Par le Professeur A, 2008

Quand et comment l'idée d'écrire s'est-elle imposée à vous ?

Assez tard, après avoir fait des études en arts visuels et en littérature, en fait, au cours d'une formation en linguistique. C'est à ce moment que j'ai été en contact avec la matérialité de la langue et par conséquent eu la pulsion de m'engager dans un rapport avec elle, et écrire de la poésie.

Comment avez-vous découvert le travail de Thierry Van Hasselt ?

En passant devant une galerie mon regard a été happé par une toile... Une image de Thierry, un portrait de Gloria Lopez. Je suis donc rentrée chez moi avec son livre.

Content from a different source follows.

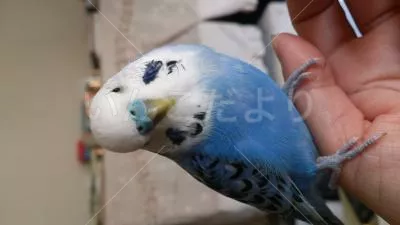 コメントの画像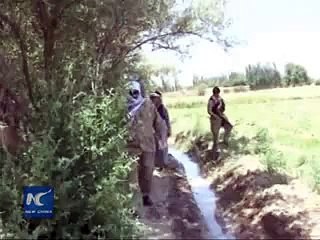 Insurgents killed in cleanup operations in Afghanistan 2015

Je l'ai réellement découvert en autopsiant cette œuvre dans le cadre d'un séminaire de recherche sur le récit en image l'année suivante, c'est à ce moment que je suis entrée dans les rouages de sa poétique.

Quand avez-vous pensé que votre écriture poétique pourrait rencontrer son univers ?

Mes directeurs de recherche m'ont trouvée assez culotée car, dès lors que je me suis mise à étudier l'œuvre de Thierry, je me suis mise à proposer des écritures différentes ; j'ai tout de suite vu et cru que ma façon de traiter la langue correspondait à sa façon à lui de traiter son médium et ses scénarios.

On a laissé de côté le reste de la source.